# [Exercise directions]
All records are to be restated word for word, with pictures excluded.

# [Information given]
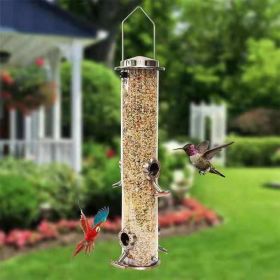 hummingbird  Feeder ; Outdoors Hanging - Premium Grade Metal Tube ; Chew-Proof; Weather and Water Resistant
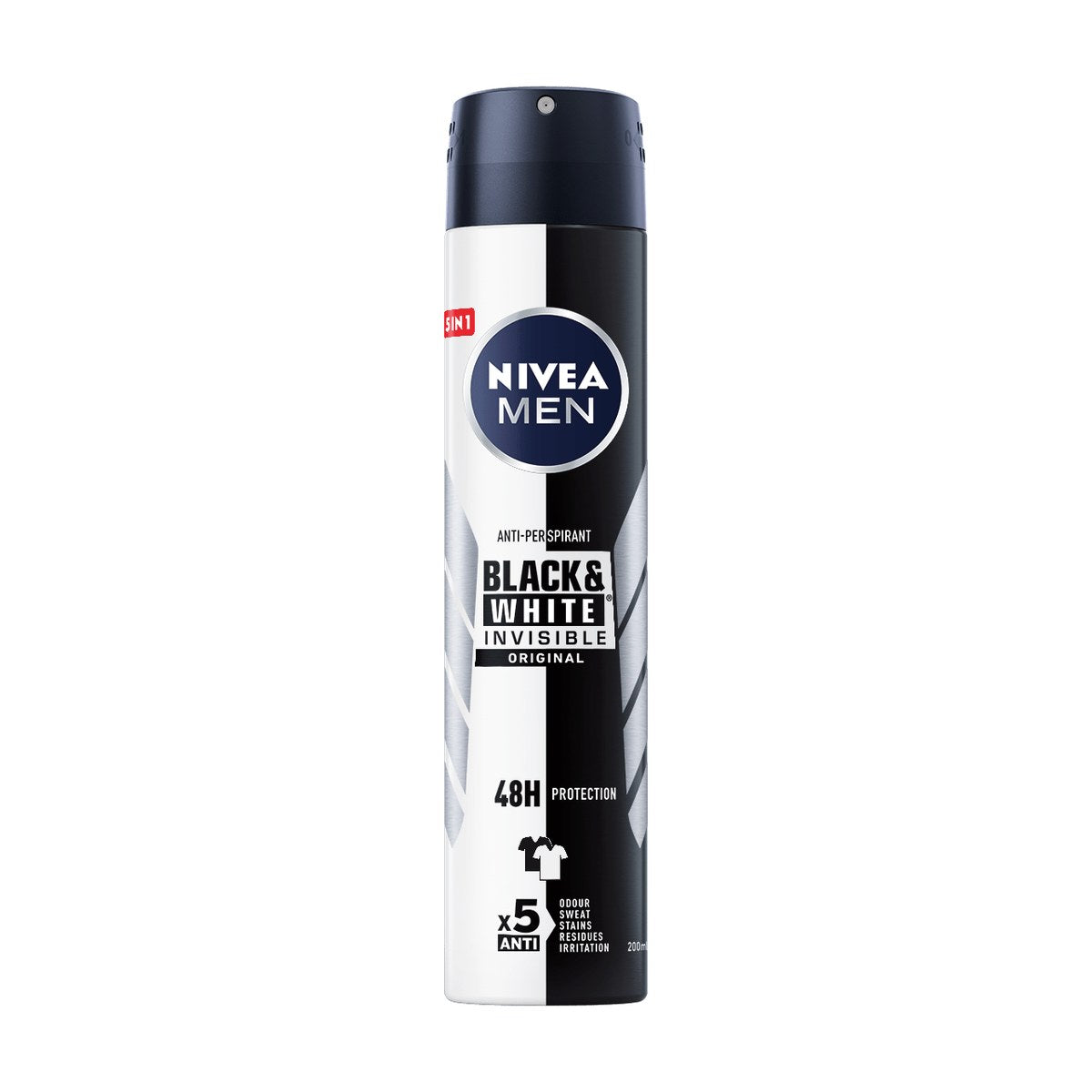 Nivea Men Black & White Invisible Anti Persipirant Spray150ml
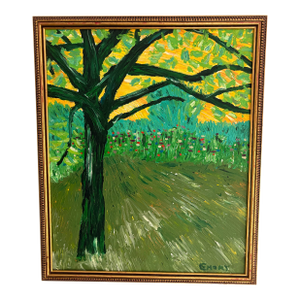 20th Century Oil on Canvas Landscape Signed Emory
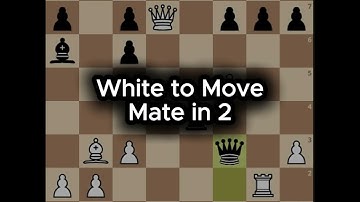 White to move Mate in 2. #chess #checkmate   #puzzle  #chesscom   #chesspuzzle   #chessgame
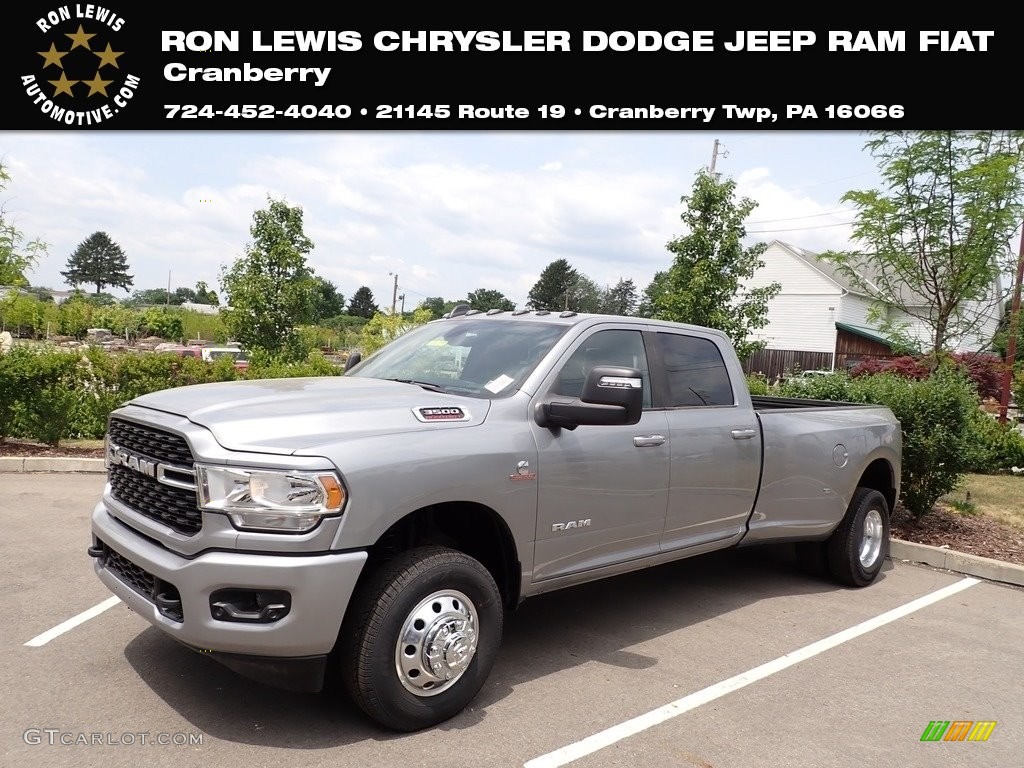 2023 3500 Big Horn Crew Cab 4x4 - Billet Silver Metallic / Black photo #1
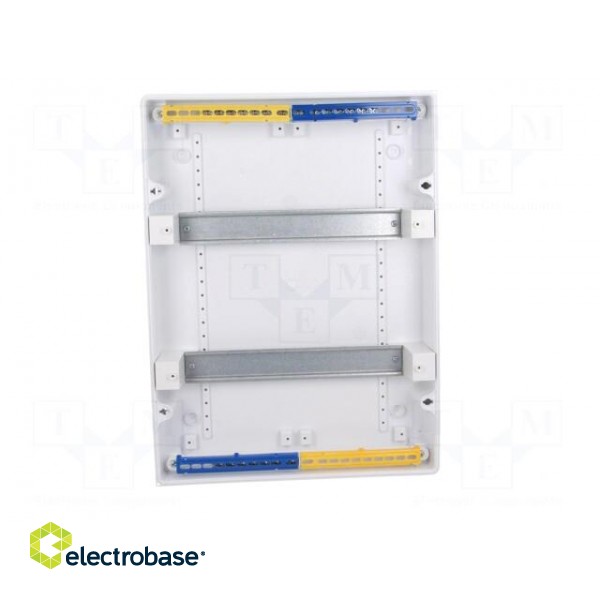 Enclosure: for modular components | IP40 | white | No.of mod: 24 фото 3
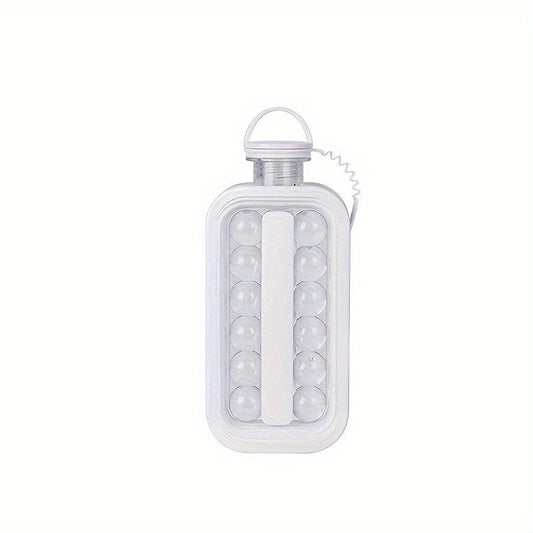 ❄️ Machine à glaçons 2-en-1 et bouteille d'eau – Pratique et portable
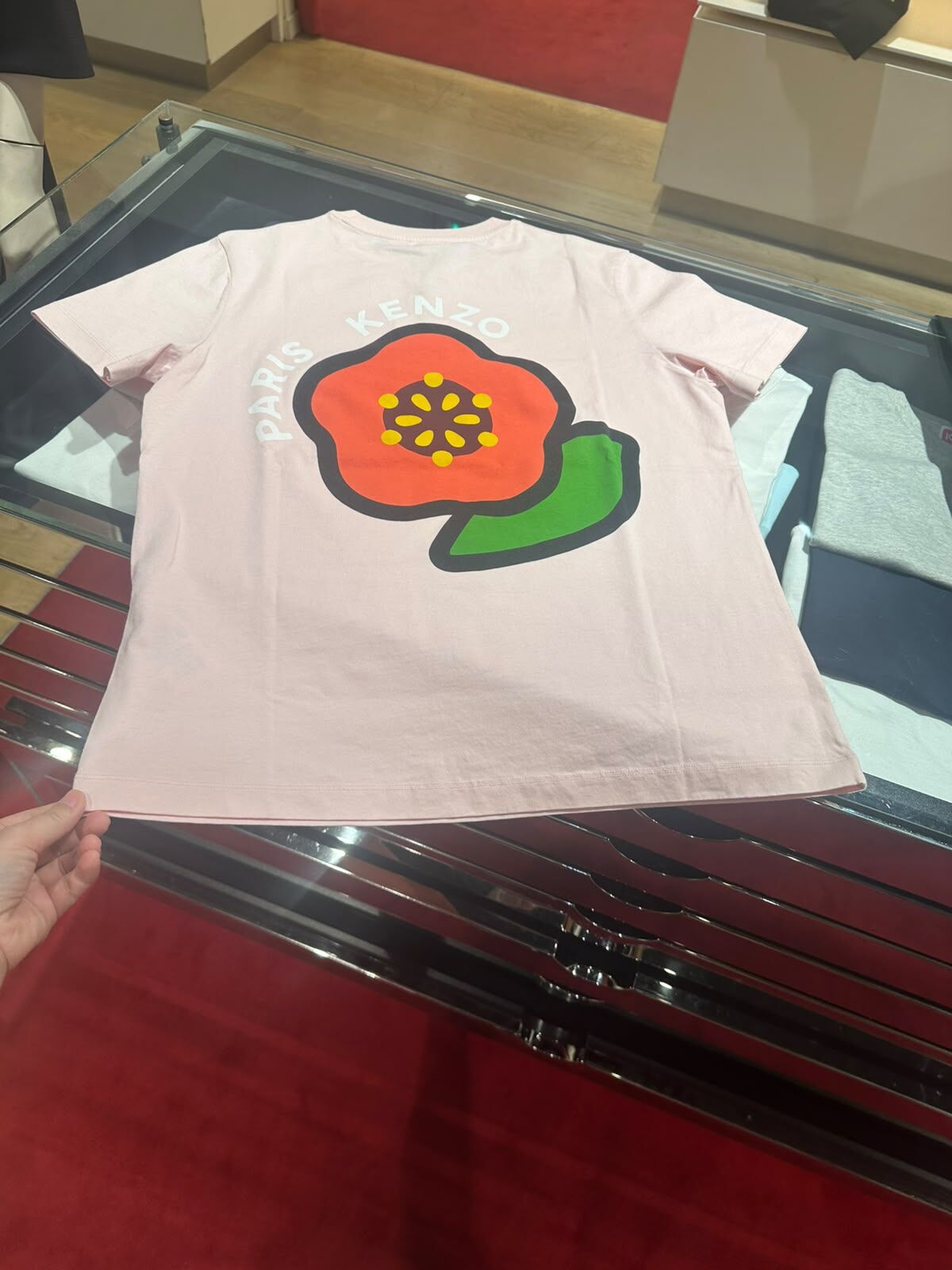 LYS02326 Kenzo 新款背後大花花短袖Tee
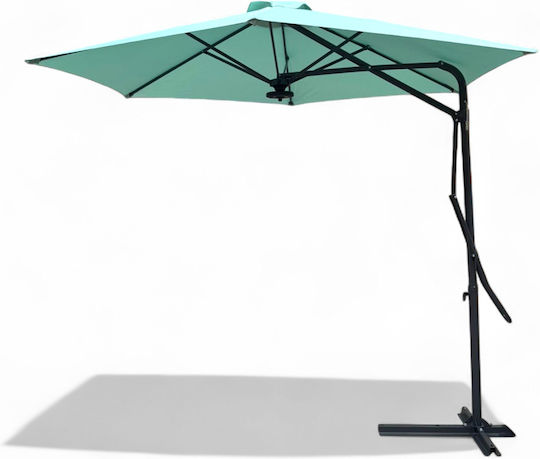 HD Garten- und Terrassen-Sonnenschirm Hängend Aluminium Hellblaue 2,7x2,7m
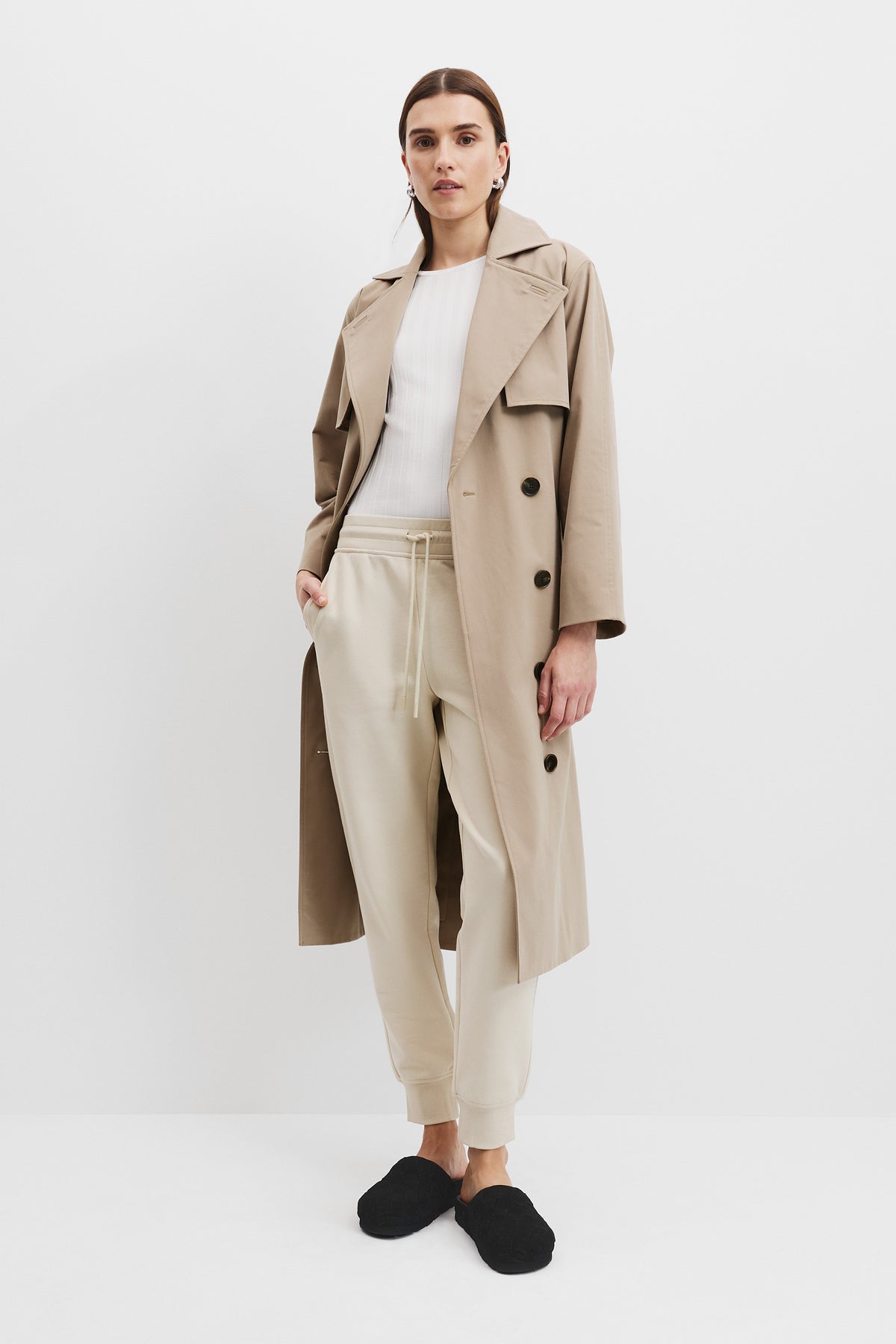 Australian Cotton Rib Cuff Track Pant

# [Response for this exercise]
 hummingbird  Feeder ; Outdoors Hanging - Premium Grade Metal Tube ; Chew-Proof; Weather and Water Resistant
 Nivea Men Black & White Invisible Anti Persipirant Spray150ml
 20th Century Oil on Canvas Landscape Signed Emory
 White to move Mate in 2. #chess #checkmate   #puzzle  #chesscom   #chesspuzzle   #chessgame
 2023 3500 Big Horn Crew Cab 4x4 - Billet Silver Metallic / Black photo #1
 Enclosure: for modular components | IP40 | white | No.of mod: 24 фото 3
 ❄️ Machine à glaçons 2-en-1 et bouteille d'eau – Pratique et portable
 LYS02326 Kenzo 新款背後大花花短袖Tee
 HD Garten- und Terrassen-Sonnenschirm Hängend Aluminium Hellblaue 2,7x2,7m
 Australian Cotton Rib Cuff Track Pant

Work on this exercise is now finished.